Ce que coûte (vraiment) un maillot, et qui gagne quoi — en bref
Sans entrer dans les secrets industriels, les ordres de grandeur sont connus dans le monde du sport : le coût de fabrication d’un réplica tourne autour d’une dizaine d’euros. Ensuite, la chaîne de valeur prend la main : marque/équipementier et détaillant captent l’essentiel ; TVA et licences se partagent une part plus faible ; la fédération touche surtout via son contrat d’équipementier (au Maroc, le passage à Puma a significativement augmenté l’enveloppe annuelle). À côté de cela, l’équipe et la fédération reçoivent chaque année des dotations et parrainages (en numéraire et en nature : primes, équipements, activations média) pour promouvoir l’image des Lions et du football marocain. Tout cela est légitime ; mais les grands gagnants doivent rester le public – celui par lequel l’expérience du foot existe, remplit les stades, fait monter l’audience TV, nourrit la légende.
Ne pas faire le procès, proposer un cadre
Respect pour la FRMF, pour les joueurs, pour l’équipementier : chacun a ses coûts, ses contrats, ses engagements. Mais la boussole doit rester claire : un symbole national doit rester accessible. Comment avancer sans affaiblir l’écosystème et sans encourager le marché parallèle ?
1) Uneédition populaire officielle
Même design, textile simplifié, traçabilité (QR anti-contrefaçon), prix cible ≤ 199 MAD. On ne crée pas une “seconde classe” : on ouvre une porte digne d’entrée dans l’officiel. Plus de volume légal, moins d’espace pour les copies.

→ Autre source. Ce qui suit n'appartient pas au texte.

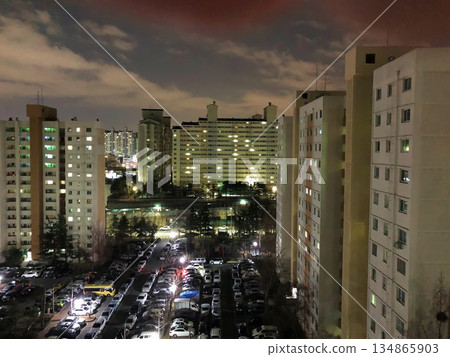 Stunning Night View of Modern Korean Apartment Complex with Illuminated Windows and Urban Atmosphere 134865903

2) Tarification solidaire sur les canaux officiels
Réductions automatiques pour jeunes/étudiants/AMO, packs famille les jours de match, quotas régionaux lors des rencontres à domicile. La FRMF reste maîtresse des prix, mais reconnaît la diversité des budgets.
3) Licence “Made in Morocco”
Confier l’édition populaire à des ateliers et coopératives textiles marocains (cahier des charges + contrôle qualité). On protège l’emblème, on crée de l’emploi et on ancre la fierté dans la chaîne de valeur locale.
La place des héros, la place du peuple
Nos joueurs ont été honorés par le Souverain parce qu’ils ont élevé tout un pays. Leur maillot est devenu un drapeau porté. Dès lors, alignons notre politique de prix avec cette vérité : ce qui incarne la nation ne devrait pas exclure la nation. L’économie du sport est complexe, oui ; mais elle doit rester au service de la relation équipe–peuple. Tant que l’original sera vécu comme un luxe, la contrefaçon fera office de raccourci. Si l’édition populaire existe, si les tarifs solidaires sont clairs, si la production locale est valorisée, le choix officiel redeviendra naturel.
Conclusion
Il n’y a pas “les bons” et “les mauvais”. Il y a un symbole qui nous dépasse et un prix qui, parfois, nous arrête. Nous payons au Maroc des tarifs alignés sur Paris ou Munich, mais nous ne vivons pas avec les mêmes salaires. Tant que les prix resteront calés sur des standards internationaux, l’accès restera localement inéquitable. Le rôle de la fédération, des sponsors et de l’équipementier est d’ouvrir ce symbole, pas de l’éloigner. Un maillot qui nous unit ne doit pas nous diviser. Restons dignes : reconnaissons la réalité du pouvoir d’achat, proposons une édition populaire officielle, organisons une tarification solidaire, fabriquons local quand c’est possible. Ainsi, lors des prochaines soirées de gloire, le rouge ne sera plus un marqueur social : il sera notre bien commun, porté par toutes et tous – à la hauteur des héros que le Maroc a salués.